Thursday, January 28, 2010

Debt to Pleasure, by John Lanchester

This book was suggested to me by a friend, and something that she said when she described it has stuck in my mind: she said it's a great book to recommend.  Everybody she gives it to likes it.  It's very smart, very fun, very easy to read - people who read Debt to Pleasure will think, "Ah, my friend is good at recommending books."

The critics do not stint with their praise: they call it dazzling, a tour de force, seductive, diverting, gorgeous, elegant, fun, flawless.  If you read between the lines of all this praise, the book's central problem becomes apparent: for all its many, many virtues it's not transformative.  It won't change literature, and it won't change your outlook on life.  And the thing is, Debt to Pleasure is such a good book that it's really a shame it isn't a great book.  Or maybe I should say: it's great, but it's not Great.

The blurb from The New Yorker on the back cover of the book reads: "Lanchester has written a novel masquerading as an essay masquerading as a cookbook, and it somehow manages to combine the virtues of all three."  The best thing about this summary is that it hints at how marvelous Debt to Pleasure is without giving away any spoilers.  Debt to Pleasure has a doozy of a twist at the end - the kind of twist that, once you've read it, makes it kind of hard to talk about the plot without giving something away.

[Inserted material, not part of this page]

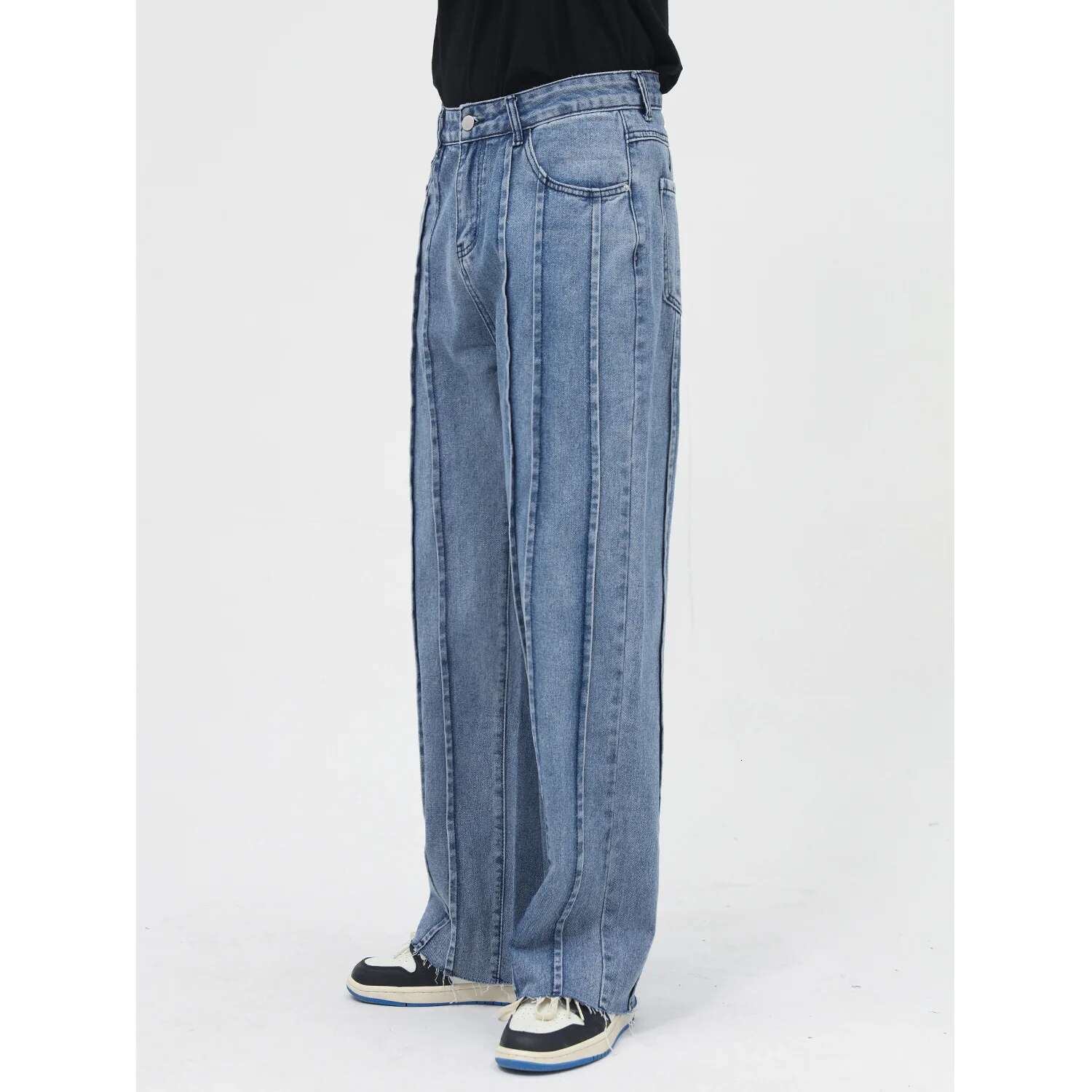 DUEWEER Men Vintage Loose Straight Pleated Jeans Baggy Haruku Denim Pants Casual Trousers Distressed Streetwear Goth Clothes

It really is ridiculously clever.  I know when I first picked it up, I double checked two or three times to make sure I was reading a novel, not a memoir, and when I gave it to my mom (she loved it, of course) she asked me, about halfway through, if she was reading an autobiography.  The narrator's voice is that convincing.

I would happily buy a few dozen copies of Debt to Pleasure and hand them out to all my friends, but it's not a book that means something to me.  I heartily recommend it.  You will love it.  You will probably find yourself recommending it to others.  In that sense, Debt to Pleasure is kind of like a communicable disease.

But I wonder what I'll think about it five years from now, or if I'll think of it at all.  And I say that honestly: I wonder.  Apparently when Tristram Shandy was first published a lot of people thought it was too silly to stand the test of time.  It's true that Tristram Shandy is silly, but it's still being read, what, 250 years after its initial date of publication?  And for good reason.  So who knows.